→ **Your task**
The lines wanted are those from the one containing "On the right" to the last line of the entries below; output them exactly, leaving out pictures.

═══ Records supplied

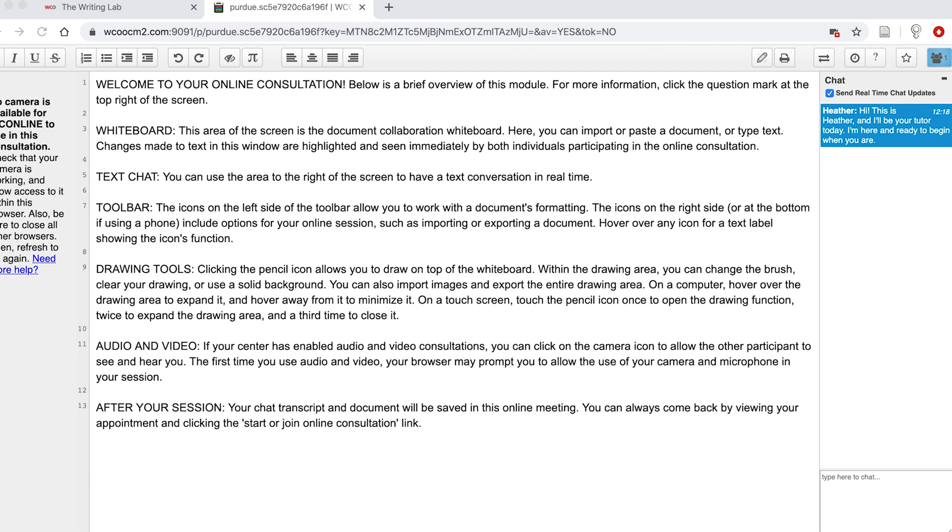Shifting our attention to the shared whiteboard space, this feature offers a way for clients and tutors to upload files and to copy and paste their documents. Here we can also type together to pose suggestions, ask questions, and brainstorm ideas. Everything we type here will be shared in real time, and each comment will be color-coded for each user.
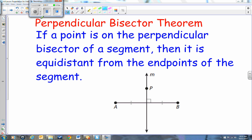Today we get to learn about more angle relationships that occur when you have intersecting lines. Today is all about the perpendicular bisector theorem. If a point is on the perpendicular bisector of a segment, then it is equidistant from the endpoints of the segment.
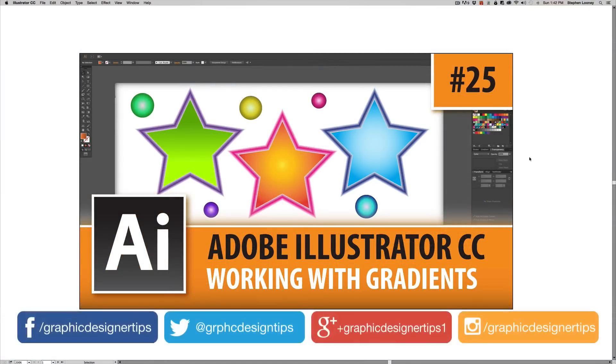Hey, welcome back everybody. Steve Looney here for episode number 25 of my new Adobe Illustrator CC 2015 series.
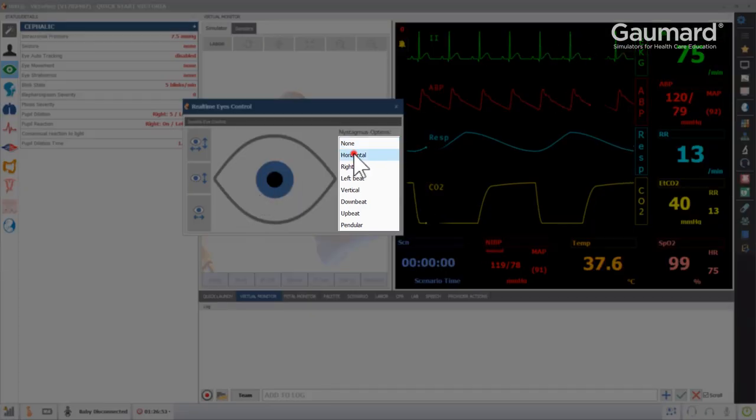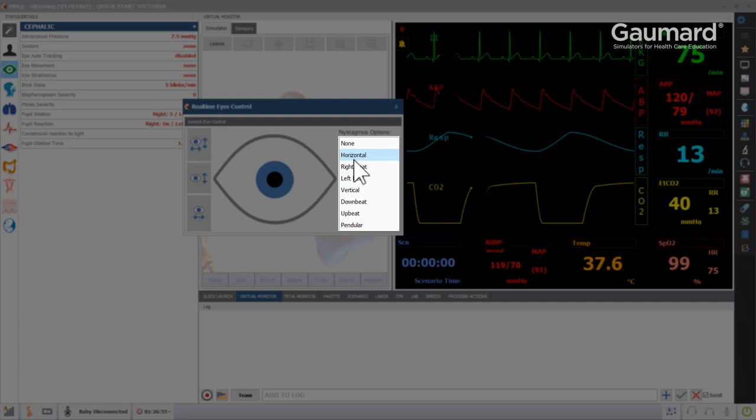On the right side of the panel are options for nystagmus. Simply click one of the options to apply it to the eyes.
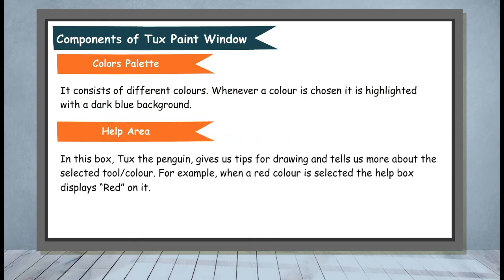Help Area. Tux the Penguin gives us tips for drawing and tells us more about the selected tool or color. For example, when a red color is selected, the help box displays red on it.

══════

→ **Problem solution**
On the right side of the panel are options for nystagmus. Simply click one of the options to apply it to the eyes.
Help Area. Tux the Penguin gives us tips for drawing and tells us more about the selected tool or color. For example, when a red color is selected, the help box displays red on it.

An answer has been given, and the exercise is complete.